Moor House looks for help with historic trove
Wartime king George VI famously struggled with his stutter. After the war his wife the Queen gave her support to a new school for children with speech and language difficulties. Today that school is looking for help with an extraordinary archive of documents, photos and film stretching back some 75 years.
A first of its kind when it opened in 1947, Moor House is still one of just a few schools in the country that specialises in supporting children with language disorders, including Developmental Language Disorder (DLD). Its specialist setting and approach has made an extraordinary difference to the lives of many students over the years and demand for places is greater than ever.

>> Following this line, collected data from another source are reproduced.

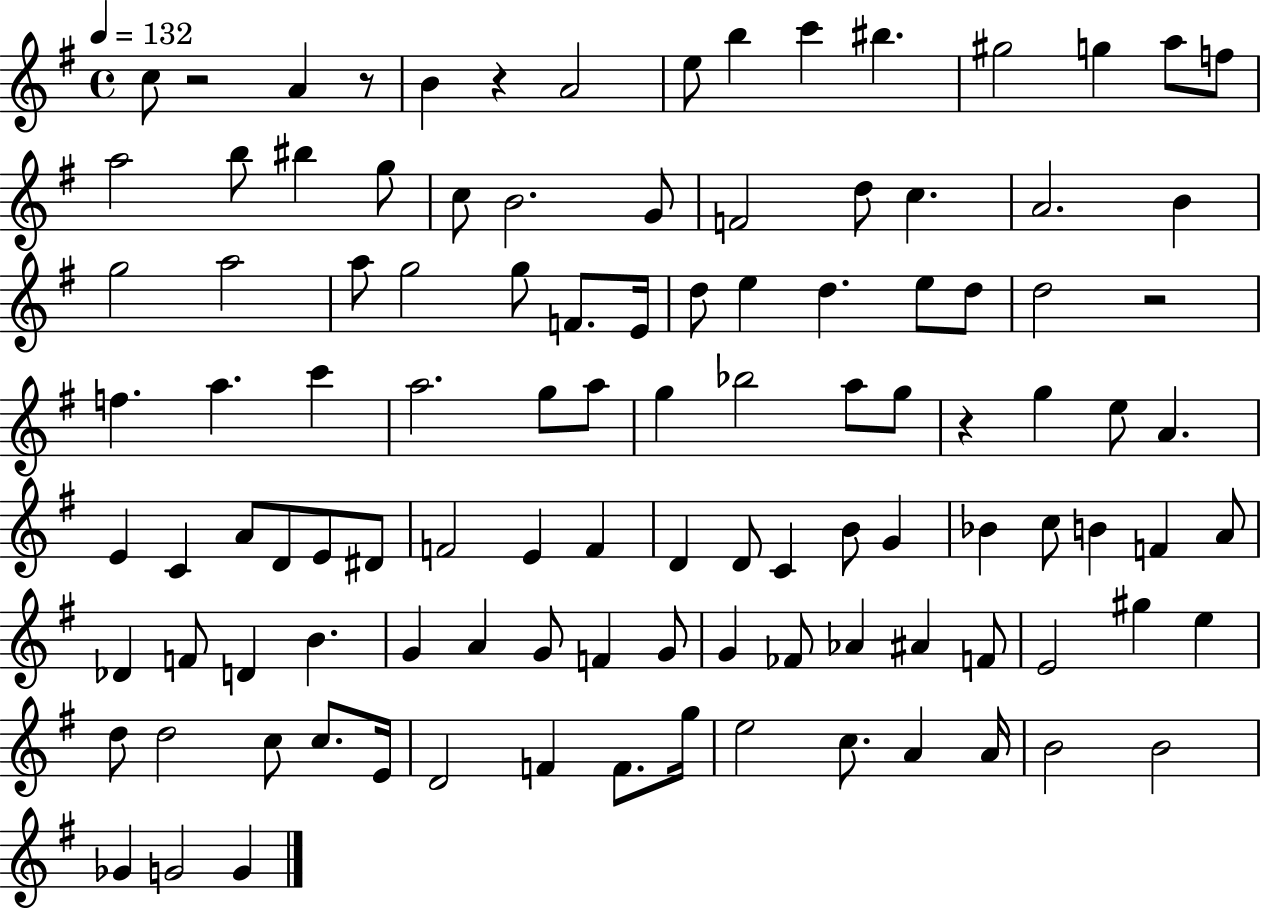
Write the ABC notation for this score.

X:1
T:Untitled
M:4/4
L:1/4
K:G
c/2 z2 A z/2 B z A2 e/2 b c' ^b ^g2 g a/2 f/2 a2 b/2 ^b g/2 c/2 B2 G/2 F2 d/2 c A2 B g2 a2 a/2 g2 g/2 F/2 E/4 d/2 e d e/2 d/2 d2 z2 f a c' a2 g/2 a/2 g _b2 a/2 g/2 z g e/2 A E C A/2 D/2 E/2 ^D/2 F2 E F D D/2 C B/2 G _B c/2 B F A/2 _D F/2 D B G A G/2 F G/2 G _F/2 _A ^A F/2 E2 ^g e d/2 d2 c/2 c/2 E/4 D2 F F/2 g/4 e2 c/2 A A/4 B2 B2 _G G2 G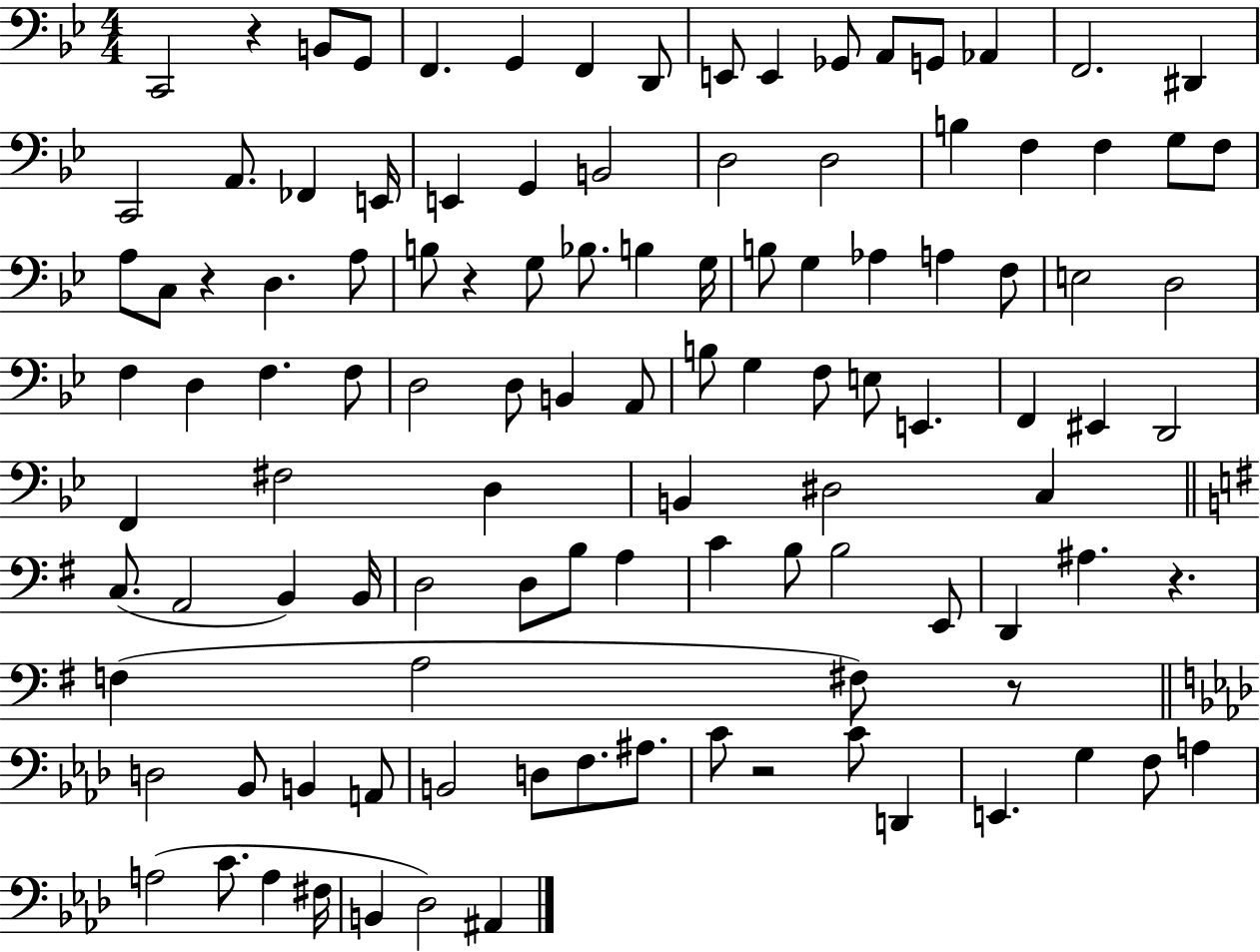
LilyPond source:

{
  \clef bass
  \numericTimeSignature
  \time 4/4
  \key bes \major
  c,2 r4 b,8 g,8 | f,4. g,4 f,4 d,8 | e,8 e,4 ges,8 a,8 g,8 aes,4 | f,2. dis,4 | \break c,2 a,8. fes,4 e,16 | e,4 g,4 b,2 | d2 d2 | b4 f4 f4 g8 f8 | \break a8 c8 r4 d4. a8 | b8 r4 g8 bes8. b4 g16 | b8 g4 aes4 a4 f8 | e2 d2 | \break f4 d4 f4. f8 | d2 d8 b,4 a,8 | b8 g4 f8 e8 e,4. | f,4 eis,4 d,2 | \break f,4 fis2 d4 | b,4 dis2 c4 | \bar "||" \break \key g \major c8.( a,2 b,4) b,16 | d2 d8 b8 a4 | c'4 b8 b2 e,8 | d,4 ais4. r4. | \break f4( a2 fis8) r8 | \bar "||" \break \key aes \major d2 bes,8 b,4 a,8 | b,2 d8 f8. ais8. | c'8 r2 c'8 d,4 | e,4. g4 f8 a4 | \break a2( c'8. a4 fis16 | b,4 des2) ais,4 | \bar "|."
}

Located in Hurst Green, the school has grown significantly in recent years with the addition of Moor House College and the establishment of an institute which is at the forefront of global research and training in the field of speech and language disorders.
Now, as its 75th Anniversary approaches Friends of Moor House, a voluntary association that supports the school, has begun the task of categorising a fascinating collection of papers, photographs and film going right back to its foundation, but are seeking advice from an experienced archivist to ensure that key records are preserved correctly for the future.
The Chair of Friends of Moor House, John Stevens, said "The great challenge is to preserve key records for the future. Which are the important records for retention? How should they be preserved and catalogued? We know we need advice from an experienced archivist.”